Codes for Discrete Cosine Transform Network for Guided Depth Map Super-Resolution (CVPR 2022 Oral)
Zixiang Zhao, Jiangshe Zhang, Shuang Xu, Zudi Lin and Hanspeter Pfister.
-[Paper]
-[ArXiv]
-[Supplementary Materials]
@InProceedings{Zhao_2022_CVPR,
author = {Zhao, Zixiang and Zhang, Jiangshe and Xu, Shuang and Lin, Zudi and Pfister, Hanspeter},
title = {Discrete Cosine Transform Network for Guided Depth Map Super-Resolution},
booktitle = {Proceedings of the IEEE/CVF Conference on Computer Vision and Pattern Recognition (CVPR)},
month = {June},
year = {2022},
pages = {5697-5707}
}
Guided depth super-resolution (GDSR) is an essential topic in multi-modal image processing, which reconstructs high-resolution (HR) depth maps from low-resolution ones collected with suboptimal conditions with the help of HR RGB images of the same scene. To solve the challenges in interpreting the working mechanism, extracting cross-modal features and RGB texture over-transferred, we propose a novel Discrete Cosine Transform Network (DCTNet) to alleviate the problems from three aspects. First, the Discrete Cosine Transform (DCT) module reconstructs the multi-channel HR depth features by using DCT to solve the channel-wise optimization problem derived from the image domain. Second, we introduce a semi-coupled feature extraction module that uses shared convolutional kernels to extract common information and private kernels to extract modality-specific information. Third, we employ an edge attention mechanism to highlight the contours informative for guided upsampling. Extensive quantitative and qualitative evaluations demonstrate the effectiveness of our DCTNet, which outperforms previous state-of-the-art methods with a relatively small number of parameters.

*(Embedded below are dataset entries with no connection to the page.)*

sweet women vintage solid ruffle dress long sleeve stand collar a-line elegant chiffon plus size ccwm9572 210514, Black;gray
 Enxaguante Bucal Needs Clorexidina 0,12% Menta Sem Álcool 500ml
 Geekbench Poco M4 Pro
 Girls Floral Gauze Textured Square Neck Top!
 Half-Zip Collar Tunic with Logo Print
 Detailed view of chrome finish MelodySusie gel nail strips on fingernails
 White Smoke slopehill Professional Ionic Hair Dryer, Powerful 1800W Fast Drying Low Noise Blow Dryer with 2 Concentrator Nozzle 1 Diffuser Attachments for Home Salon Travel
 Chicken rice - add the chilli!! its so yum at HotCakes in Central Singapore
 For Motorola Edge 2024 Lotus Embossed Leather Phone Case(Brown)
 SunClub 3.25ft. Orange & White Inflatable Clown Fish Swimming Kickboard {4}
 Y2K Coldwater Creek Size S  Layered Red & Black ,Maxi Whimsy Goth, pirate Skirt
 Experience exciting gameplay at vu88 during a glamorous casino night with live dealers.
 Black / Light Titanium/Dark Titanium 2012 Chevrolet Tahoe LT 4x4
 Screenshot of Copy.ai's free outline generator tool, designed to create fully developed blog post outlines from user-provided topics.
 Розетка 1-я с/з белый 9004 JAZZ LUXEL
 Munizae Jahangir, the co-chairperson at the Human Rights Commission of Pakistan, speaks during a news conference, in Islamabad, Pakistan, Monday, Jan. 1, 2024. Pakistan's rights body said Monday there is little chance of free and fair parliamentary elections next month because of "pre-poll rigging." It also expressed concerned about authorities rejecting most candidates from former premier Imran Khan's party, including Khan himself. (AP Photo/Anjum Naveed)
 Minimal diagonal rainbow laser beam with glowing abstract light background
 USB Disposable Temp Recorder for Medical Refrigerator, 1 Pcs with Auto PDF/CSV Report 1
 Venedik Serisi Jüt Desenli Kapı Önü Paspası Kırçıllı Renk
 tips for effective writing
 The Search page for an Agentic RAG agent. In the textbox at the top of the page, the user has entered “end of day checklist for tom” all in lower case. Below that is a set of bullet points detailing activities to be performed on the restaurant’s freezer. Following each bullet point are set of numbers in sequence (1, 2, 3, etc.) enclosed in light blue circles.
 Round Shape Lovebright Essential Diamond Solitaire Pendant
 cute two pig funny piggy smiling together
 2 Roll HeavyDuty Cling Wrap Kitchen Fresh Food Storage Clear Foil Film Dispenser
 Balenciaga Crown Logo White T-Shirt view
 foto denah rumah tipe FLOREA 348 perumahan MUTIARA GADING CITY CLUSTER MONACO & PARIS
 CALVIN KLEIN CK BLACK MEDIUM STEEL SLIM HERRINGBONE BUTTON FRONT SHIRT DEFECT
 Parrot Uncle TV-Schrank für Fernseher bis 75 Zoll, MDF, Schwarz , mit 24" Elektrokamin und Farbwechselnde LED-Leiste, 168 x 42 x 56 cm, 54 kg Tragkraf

Our DCTNet is implemented in model.py
.
Pretrained model is available in './models/DCTNet_4X.model'
, './models/DCTNet_8X.model'
, './models/DCTNet_16X.model'
and './models/DCTNet_RealScene.model'
, which are responsible for the tasks of upsampling factors of 4, 8, and 16, and the RGBDD real-world branch task. We train it on NYU v2 (1000 image pairs). In the training phase, all images are resize to 256x256.
If you want to re-train this net, you need to download the original dataset at NYU V2, then use the same preprocessing as DKN and FDSR to get a training set like ./data/NYU_Train_imgsize_256_scale_4.h5
(because the size of this dataset is 10+GB, we cannot upload it). Subsequently, you should run 'train.py'
to retrain.
The test images used in the paper have been stored in './RawDatasets/Middlebury'
, './RawDatasets/NYUDepthv2_Test'
, './RawDatasets/Lu'
, './RawDatasets/RGBDD'
and './RawDatasets/RGBDD_Test_Realscene'
, respectively.
The test data set can be downloaded at NYU v2, Middlebury, Lu and RGBDD.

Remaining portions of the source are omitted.